I like this book. A lot. I wanted to like it even more, but I read it too fast for that. It is a short book and easily read in two or three sittings, which is what I did. That was a mistake. It reads more like a series of free flowing discussions over the kitchen table rather than a linear argument or treatise on the theology of the Eucharist and each little bit requires some time to properly digest. The book made me think of the Slow Food movement, a reaction to fast food eating that envisions food as something we ingest quickly and without thought, as a means of getting a little quick physical nutrition as if eating is the same as refueling a car at the gas station. Slow Food says that eating together can be a time of meaning, of community, of re-membering and it can be sacred time that makes us whole rather than just full. I read Keeping the Feast like fast food and that was a mistake. I'll read it again... slowly, digesting each metaphor and wrestling with the challenges. (I love the idea of the Thursday Night Dinner).

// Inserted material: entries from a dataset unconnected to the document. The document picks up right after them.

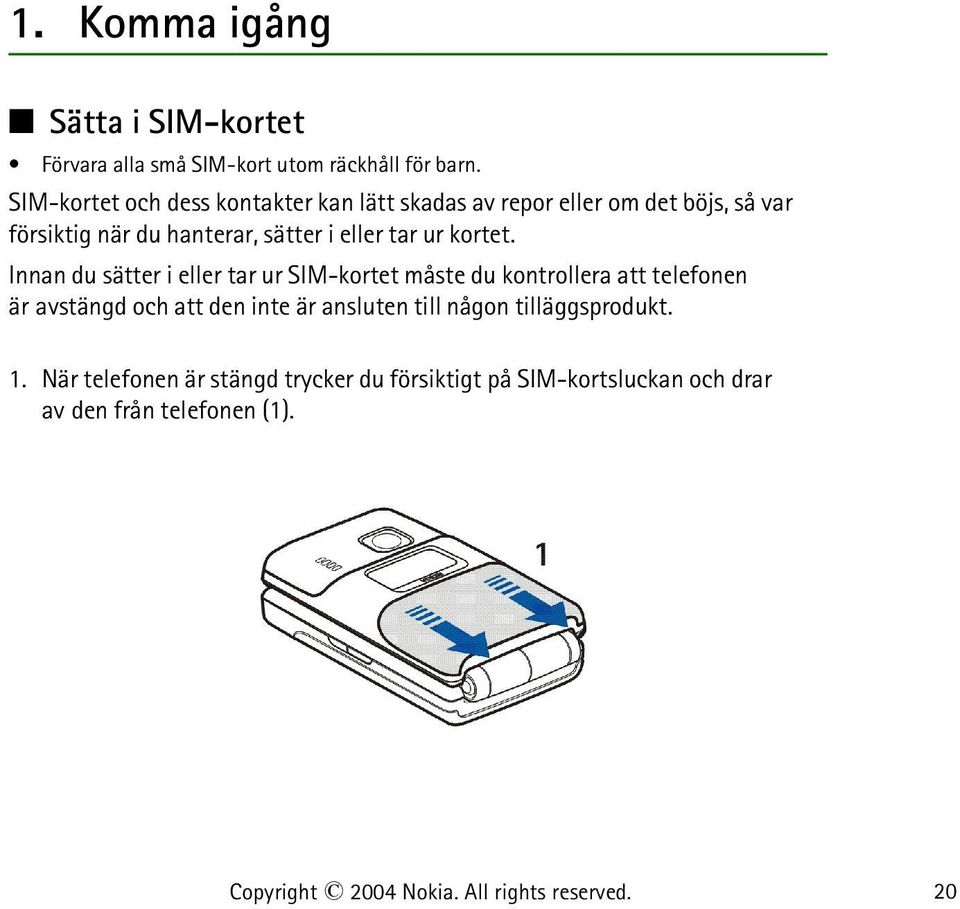 eller tar ur kortet.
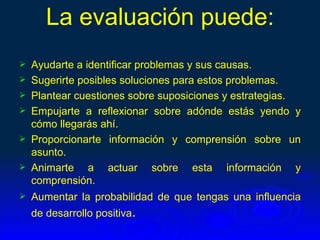 La evaluación puede:
   Ayudarte a identificar problemas y sus causas.
   Sugerirte posibles soluciones para estos problemas.
   Plantear cuestiones sobre suposiciones y estrategias.
   Empujarte a reflexionar sobre adónde estás yendo y
    cómo llegarás ahí.
   Proporcionarte información y comprensión sobre un
    asunto.
   Animarte a actuar sobre esta información y
    comprensión.
   Aumentar la probabilidad de que tengas una influencia
    de desarrollo positiva.
 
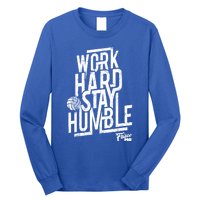 Work Hard Stay Humble Volleyball Gift Long Sleeve Shirt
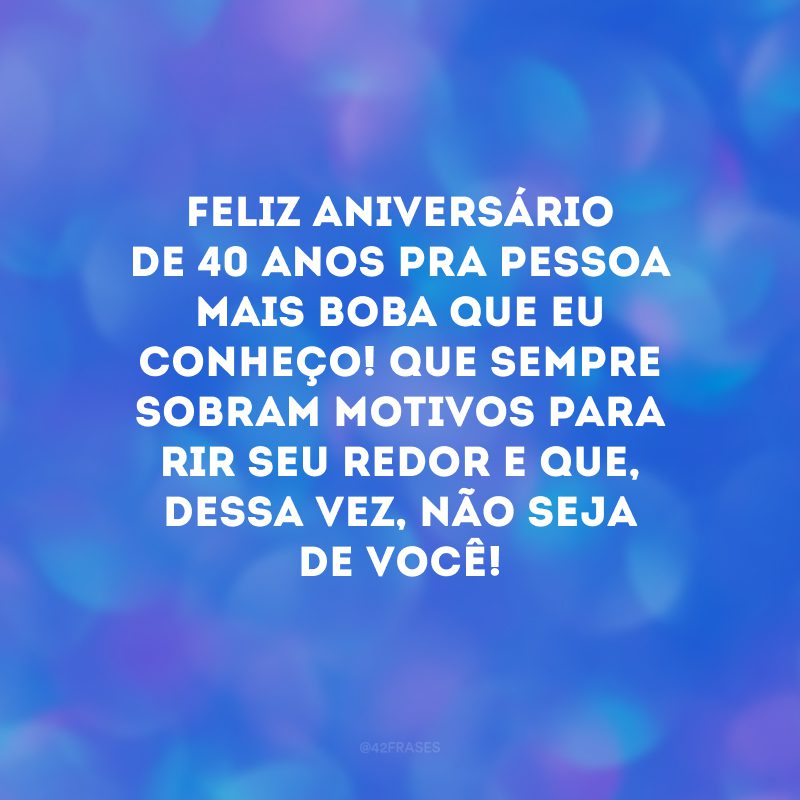 Feliz aniversário de 40 anos pra pessoa mais boba que eu conheço! Que sempre sobram motivos para rir seu redor e que, dessa vez, não seja de você!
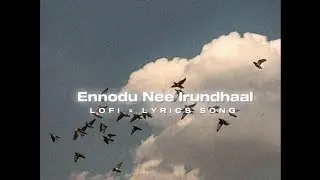 Ennodu Nee Irundhaal | song | Lofi | lyrics| interloperotf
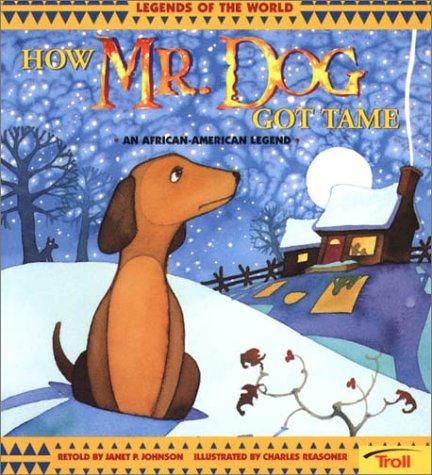 How Mr. Dog Got Tame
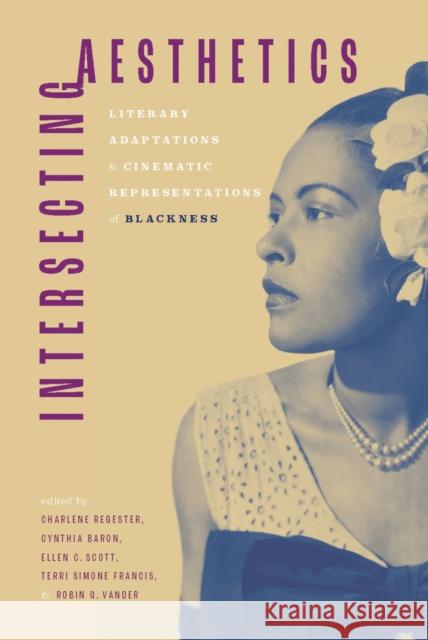 Intersecting Aesthetics: Literary Adaptations and Cinematic Representations of Blackness  9781496848857 University Press of Mississippi - książka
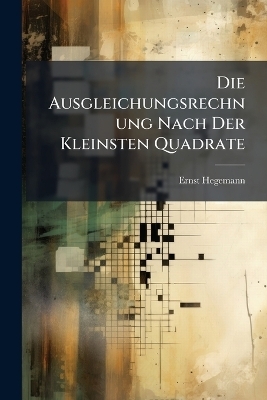 Die Ausgleichungsrechnung Nach Der Kleinsten Quadrate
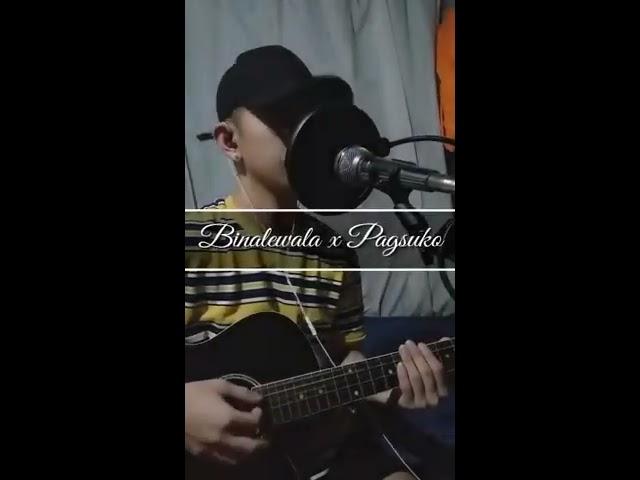 Binalewala x Pagsuko (Mash-up cover)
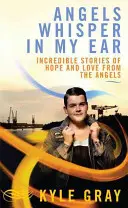 Îngerii îmi șoptesc în ureche - Povești incredibile de speranță și iubire de la îngeri - Angels Whisper In My Ear - Incredible Stories of Hope and Love From the Angels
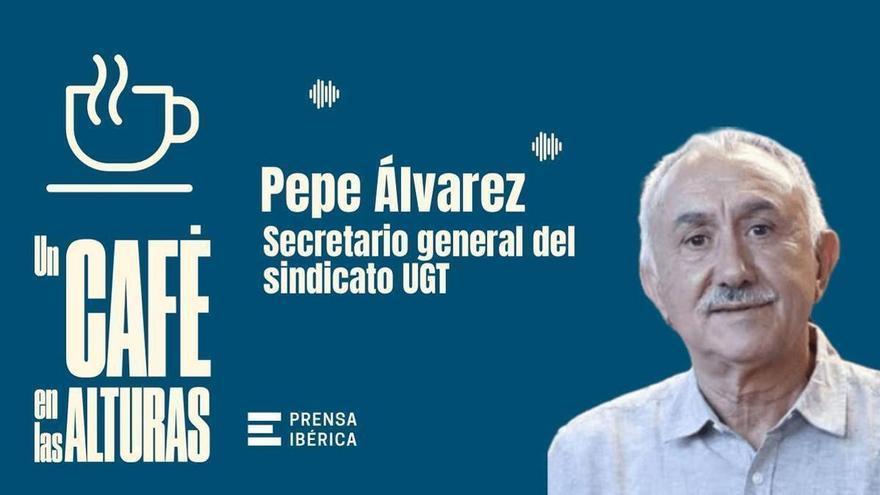 Pepe Álvarez: "No es una huelga contra el Gobierno, se dirige a la patronal; las empresas ganan ...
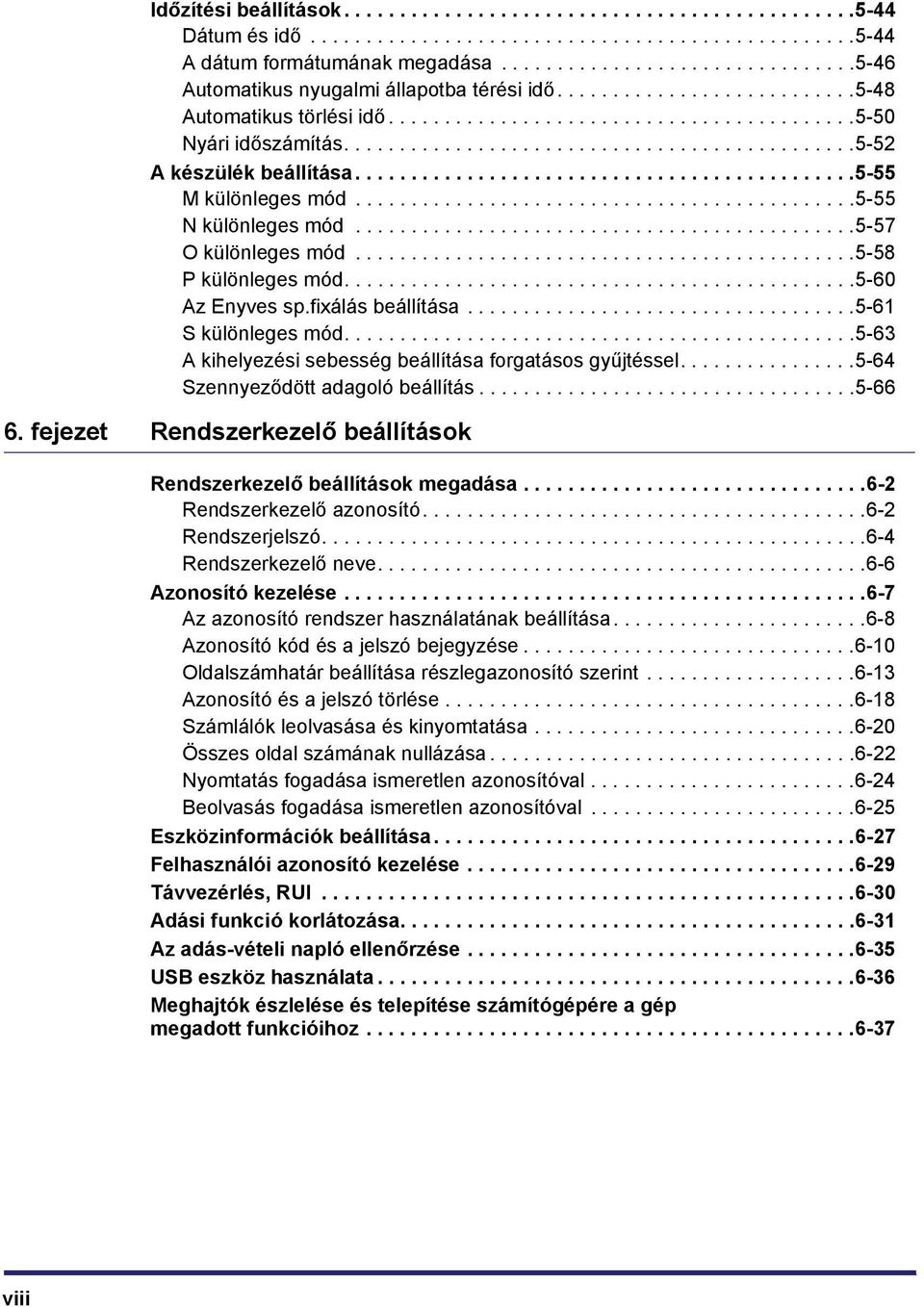 .............................................5-52 A készülék beállítása.............................................5-55 M különleges mód.............................................5-55 N különleges mód.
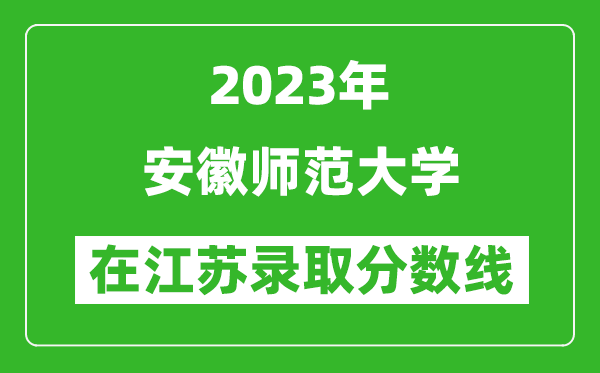 2023年安徽师范大学在江苏录取分数线一览表（含录取位次）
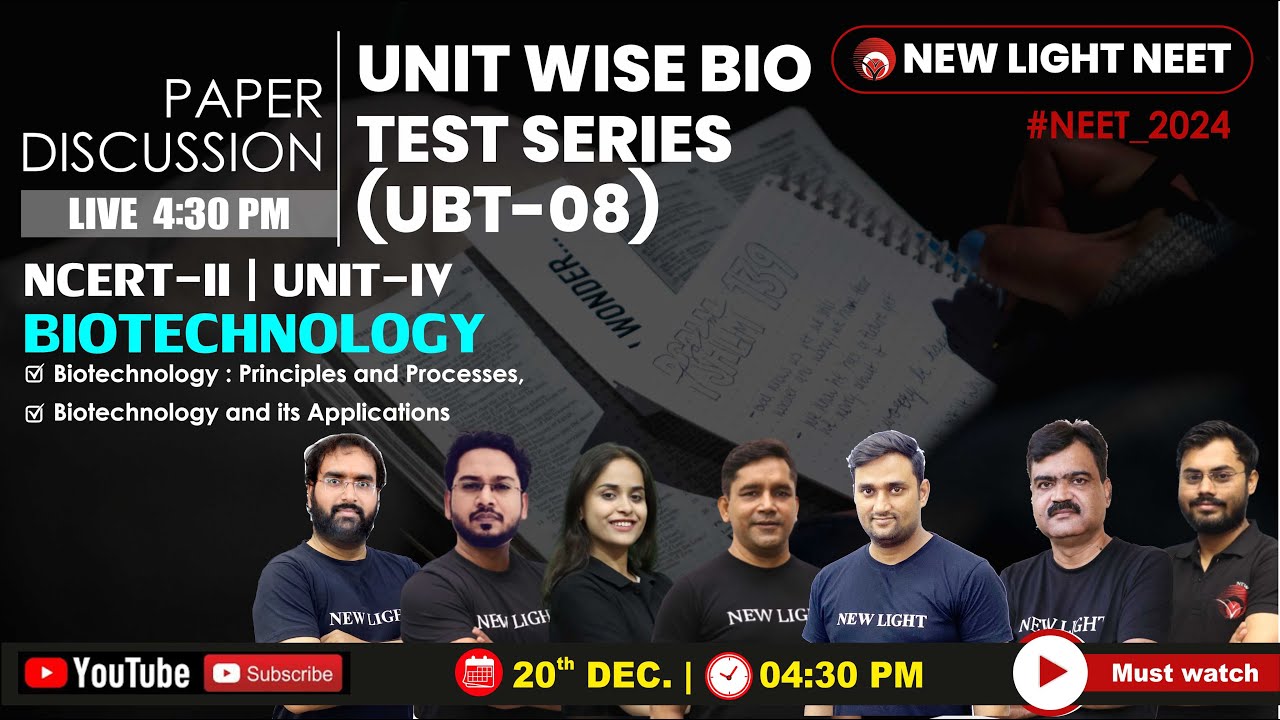 NEET 2024 LIVE | UNIT-WISE BIO TEST TEST (UBT-08) | PAPER DISCUSSION | BIOTECHNOLOGY #newlightneet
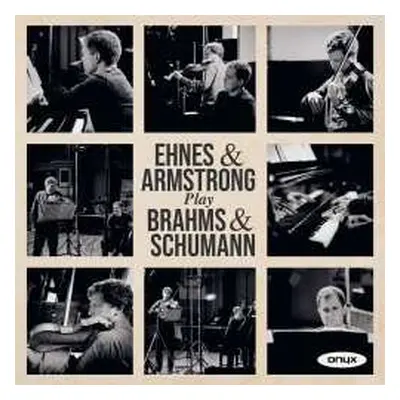 CD Various: James Ehnes - Brahms & Schumann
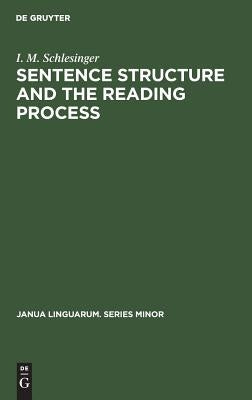 Sentence Structure and the Reading Process by Schlesinger, I. M.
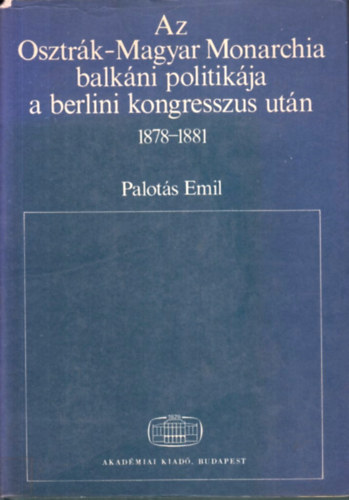 Az Osztrk-Magyar Monarchia balkni politikja a berlini kongresszus utn 1878-1881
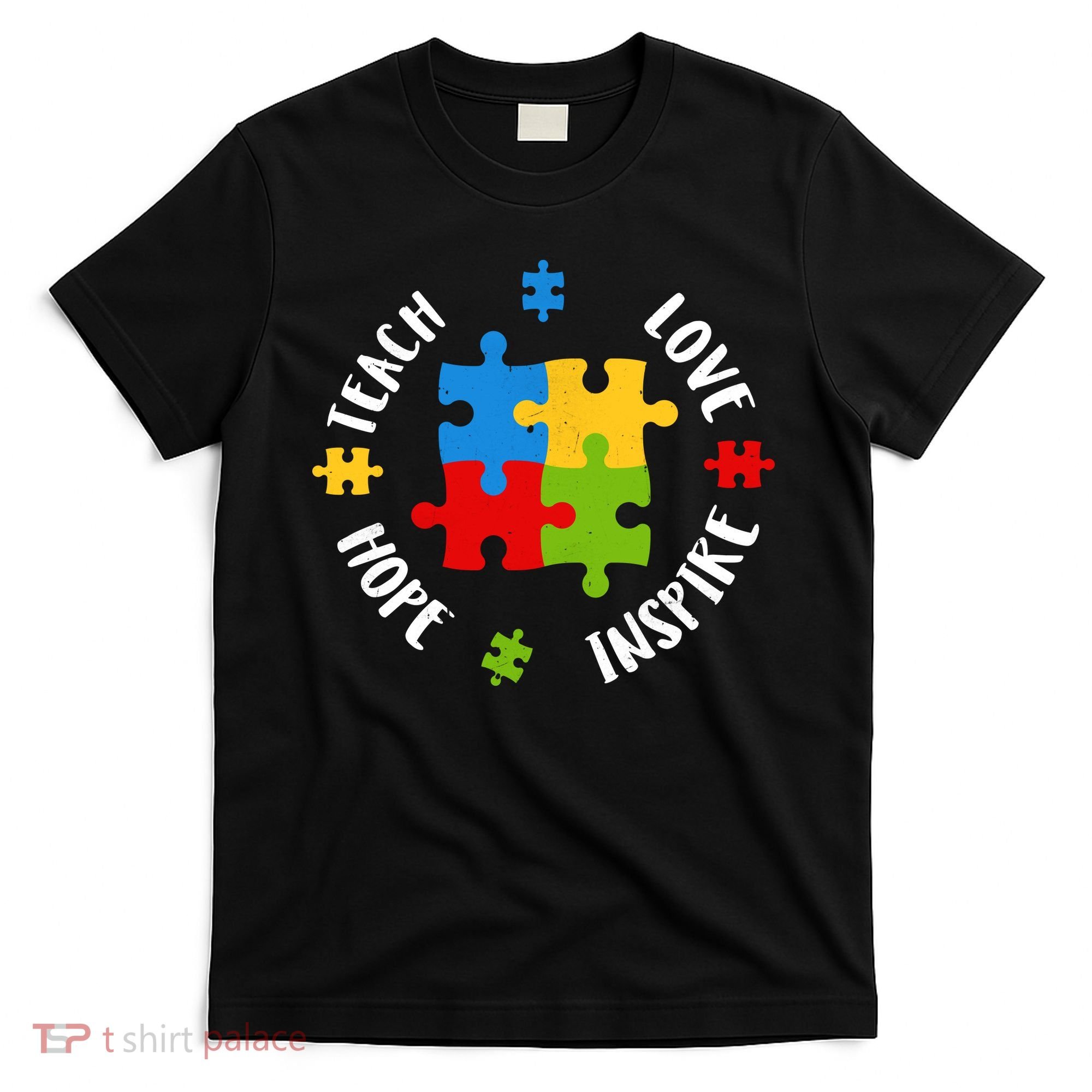 Autism Teacher Teach Love Hope Inspire  T-Shirt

The secondary theme of the sacredness of eating together will be most meaningful in my life. My wife and I do eat dinner together every evening but too often it is perfunctory as we grab something and park in front of the television. Recently my daughter, son-in-law, and grandson moved in with us which has changed our eating pattern and pushed us back to the table together. It takes more time and a lot more energy, but it might just be a wonderful opportunity for re-membering. I'm hopeful. I dare not implement a Thursday Night Dinner without permission but the idea holds a lot of attraction for me. At the very least, it will push me to open our door more than we do in our isolated American life.
So... I recommend this book. Read it slowly and take time to digest the ideas.